Does it make sense to talk about sub-topologies?

Question

Upon examining the real line with the finite complement topology $\tau_{c}$, an open set $O$ is a union of certain open intervals in $\mathbb{R}$. Since $\mathbb{R}$ itself is the single interval $(-\infty,\infty)$, the empty set is the empty union of intervals, and any other set is of the form $O=(-\infty,p_1)\cup (p_1,p_2)\cup\dots\cup (p_{n-1},p_n)\cup (p_n,\infty)$ where $p_1<p_2<\dots <p_n$. Well, the usual topology on the real line $\tau$, is made up of all union of open intervals. So it seems like (and forgive me if this isn't the proper notation) that we could say $\tau_c\subset\tau$. I can't seem to find anything about "sub topologies" online though. Does this idea make sense/ is it any useful? Is there a name for this situation? This is my first semester in topology, so I'm not sure what to look up to find anything about it (but I've tried!).

Answer 1

The 'sub-topologies' that you mention are known as coarser topologies.

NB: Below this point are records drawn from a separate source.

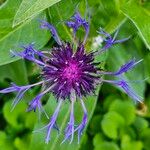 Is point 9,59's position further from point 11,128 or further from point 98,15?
point 11,128

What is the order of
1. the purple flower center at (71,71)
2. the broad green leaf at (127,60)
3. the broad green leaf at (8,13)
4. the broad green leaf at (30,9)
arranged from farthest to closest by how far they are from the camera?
1. the broad green leaf at (127,60)
2. the broad green leaf at (8,13)
3. the purple flower center at (71,71)
4. the broad green leaf at (30,9)

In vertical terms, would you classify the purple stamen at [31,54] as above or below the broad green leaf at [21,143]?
above

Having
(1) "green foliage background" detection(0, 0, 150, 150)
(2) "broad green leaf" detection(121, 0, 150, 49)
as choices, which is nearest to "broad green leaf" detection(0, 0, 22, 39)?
(1) "green foliage background" detection(0, 0, 150, 150)

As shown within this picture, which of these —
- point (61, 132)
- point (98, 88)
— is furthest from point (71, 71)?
point (61, 132)

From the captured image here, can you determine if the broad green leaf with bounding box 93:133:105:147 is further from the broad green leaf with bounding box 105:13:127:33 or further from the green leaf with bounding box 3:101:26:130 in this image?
the broad green leaf with bounding box 105:13:127:33

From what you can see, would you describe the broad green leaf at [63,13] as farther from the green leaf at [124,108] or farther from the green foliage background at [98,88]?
the green leaf at [124,108]

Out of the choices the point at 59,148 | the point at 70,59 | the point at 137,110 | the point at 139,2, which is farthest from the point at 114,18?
the point at 137,110

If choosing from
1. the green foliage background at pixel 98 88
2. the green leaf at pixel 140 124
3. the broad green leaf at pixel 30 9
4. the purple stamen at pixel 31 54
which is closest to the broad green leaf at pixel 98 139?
the green foliage background at pixel 98 88

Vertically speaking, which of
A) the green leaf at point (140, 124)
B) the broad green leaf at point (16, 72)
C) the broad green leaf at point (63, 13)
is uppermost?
the broad green leaf at point (63, 13)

As an example you may also take the Sorgenfrey line $\mathbb{R}_l$ and $\mathbb{R}$ with the usual topology. Every open set in $\mathbb{R}$ is open in $\mathbb{R}_l$ too, however there are open sets in $\mathbb{R}_l$ which are not open in $\mathbb{R}$. So $\mathbb{R}$ is coarser than $\mathbb{R}_l$.

Answer 2

$\tau_c$ is not a topology. For example $(-\infty,0)\cup \bigcup_n (\frac 1 {2n}, \frac 1 {2n-1})\cup (0,\infty)$ does not belong to it though $(-\infty,0)\cup (\frac 1 {2n}, \frac 1 {2n-1})\cup (0,\infty)$ does not belong to it for each $n$.